To date, only a few regional cuisines have been included in the UNESCO list of intangible cultural heritage. In 2013, however, washoku – the traditional Japanese food culture – made it onto the world-renowned UNESCO list. An honor that makes the entire Japanese nation proud!
Washoku is a method that encourages the consumption of various natural, locally sourced ingredients such as rice, fish, vegetables, and edible wild plants. It also includes traditions related to the careful preparation and presentation of food. But washoku is much more than that.
Japanese cuisine contains little meat, but instead lots of rice, fish and seasonal vegetables. In addition, soy sauce is traditionally used to flavor many dishes, and its special quality helps to enhance the natural flavor of the ingredients without masking them. This characteristic can also be transferred to Kikkoman Naturally Brewed Soy Sauce.
Japanese who practice washoku pay meticulous attention to the presentation of their food.

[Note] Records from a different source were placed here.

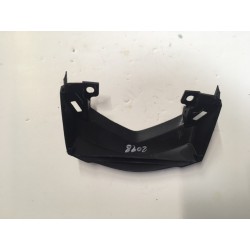 Tapa superior piloto trasero de Honda CB 125 R 2018 de segunda mano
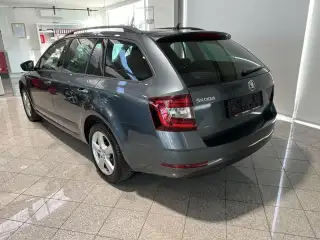 Miniatura fotky vozidla, číslo 3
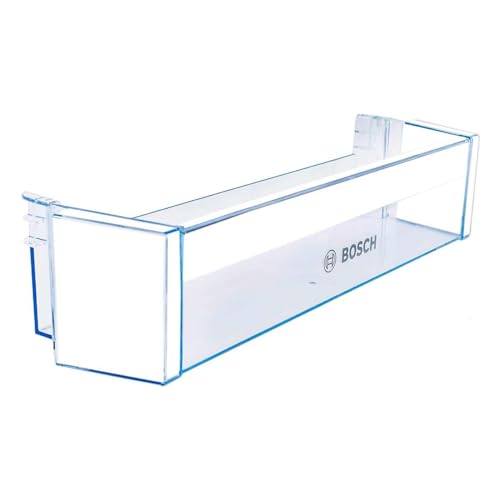 Recamania Flaschenregal für Kühlschrank, kompatibel mit Bosch 00704406 Recamania Flaschenregal für Kühlschrank, kompatibel mit Bosch 00704406 von Recamania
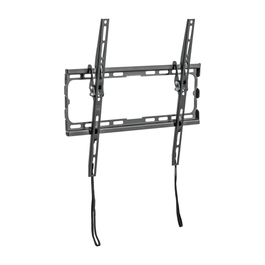 Ewent EW1507 Soporte de Pared Inclinable para TV de 32" a 55"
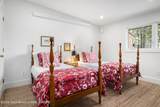 735 Snow King Drive - Photo 30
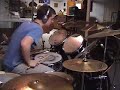 teledysk, klip, Alter Bridge,- Metalingus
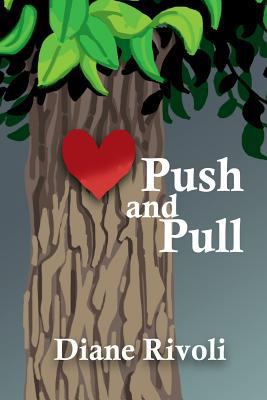 Push and Pull 1730920365 Book Cover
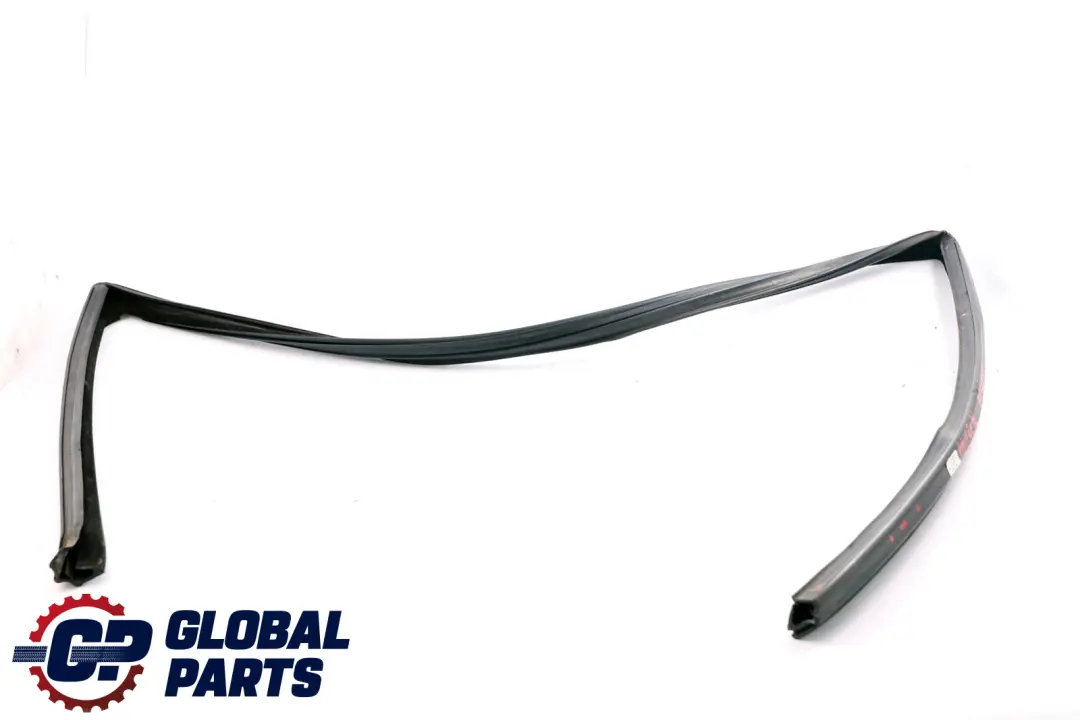 Binario Finestra Porta Anteriore Destra 7020578 per BMW X5 E53 con numero di parte 3492091 BMW X5 E53 Binario Finestra Porta Anteriore Destra 7020578 - SKU 3492091 - Numero di parte 3492091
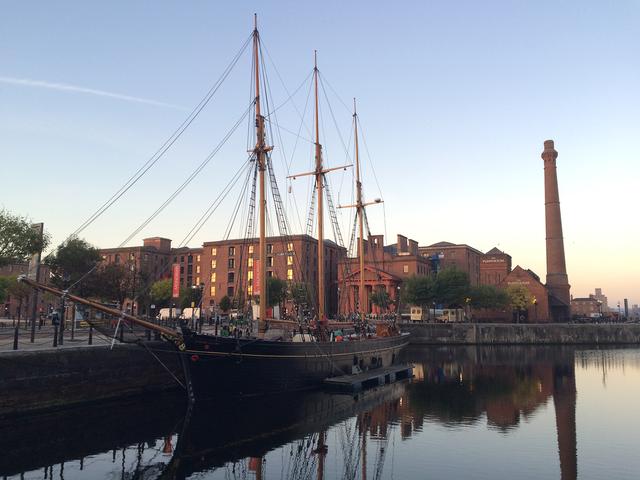 英国布里斯托留学怎么租学生公寓 布里斯托租房多少钱一个月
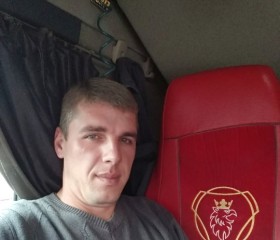 Андрей, 42 года, Парголово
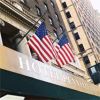 Hotel Pennsylvania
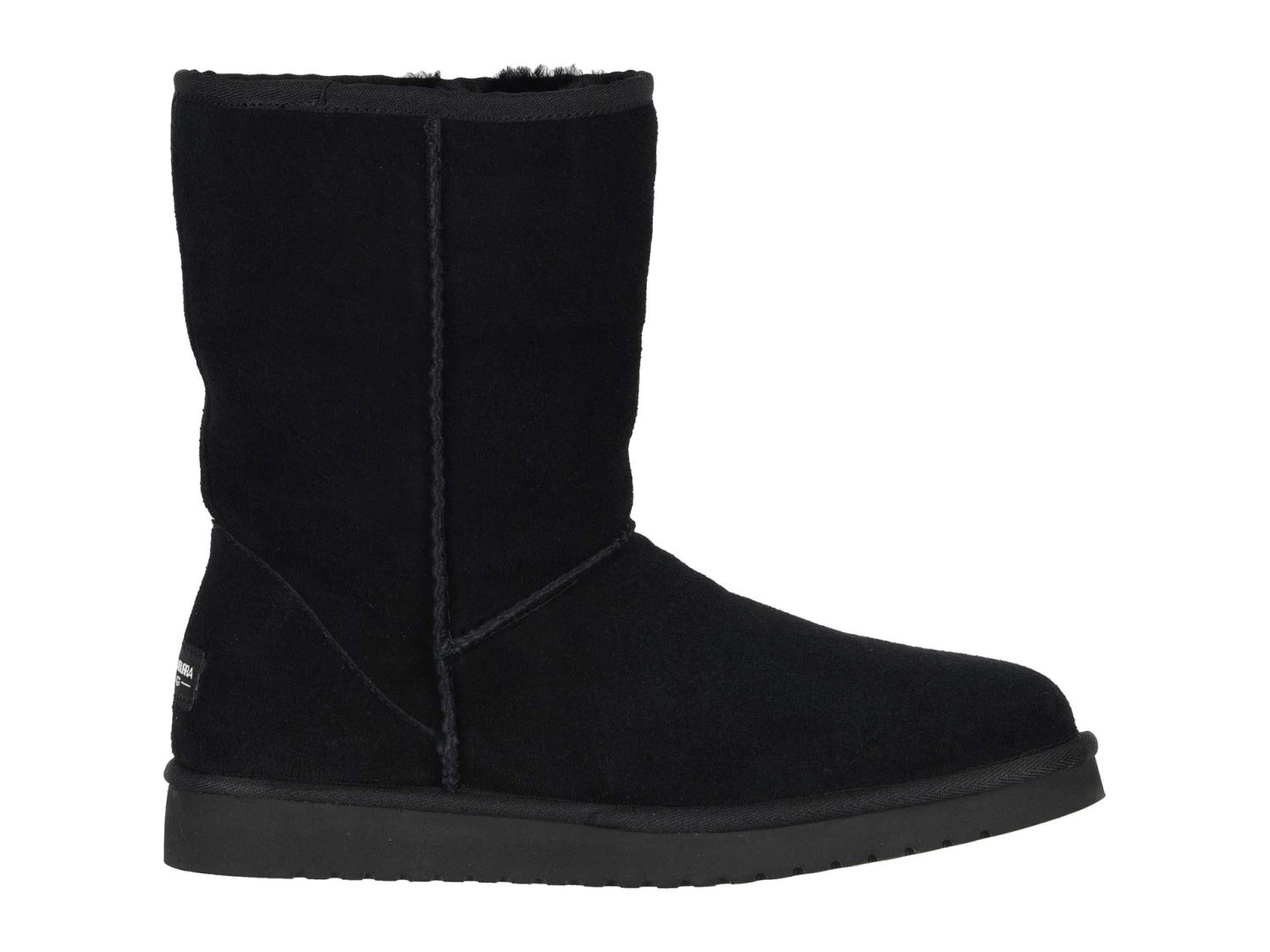 Koolaburra By UGG Burra Short 8 Koolaburra By UGG Burra Short - Image 6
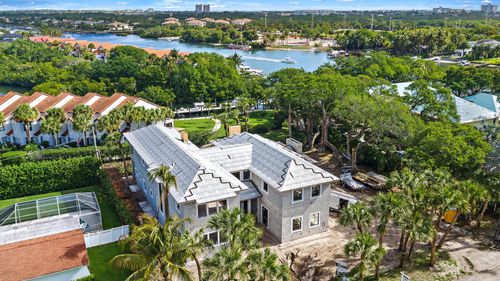 2267 Windsor Rd, West Palm Beach, FL, 33410-1327 | Card Image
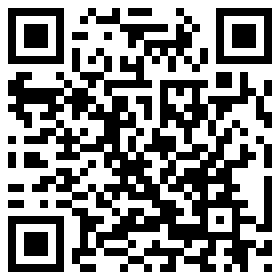 qrcode für Erco-Leuchten Erco Wandleuchte 3 LED brei 33528 000 - 1033528000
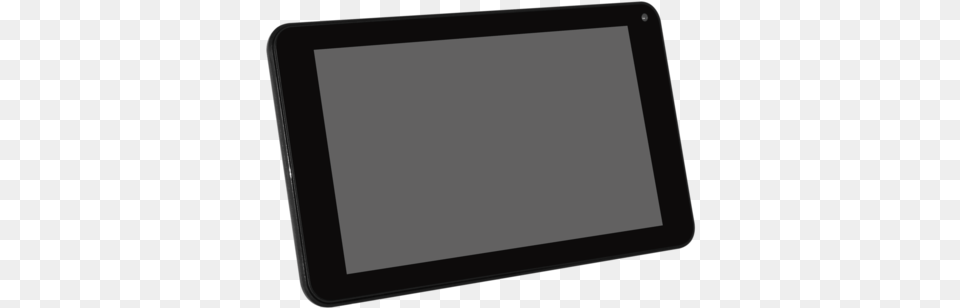 Android Tablet Led Backlit Lcd Display, Computer, Electronics, Tablet Computer, Screen Png Image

Beautifully decorated and served on special crockery, they are a real feast for the eyes. True to the motto: the eye eats with you. Another important aspect of Washoku is the combination of different ingredients to create harmony between colors and taste.
Washoku is more than a typical country cuisine. Rather, it is a philosophy and ritual that expresses the appreciation of the preparation and consumption of food.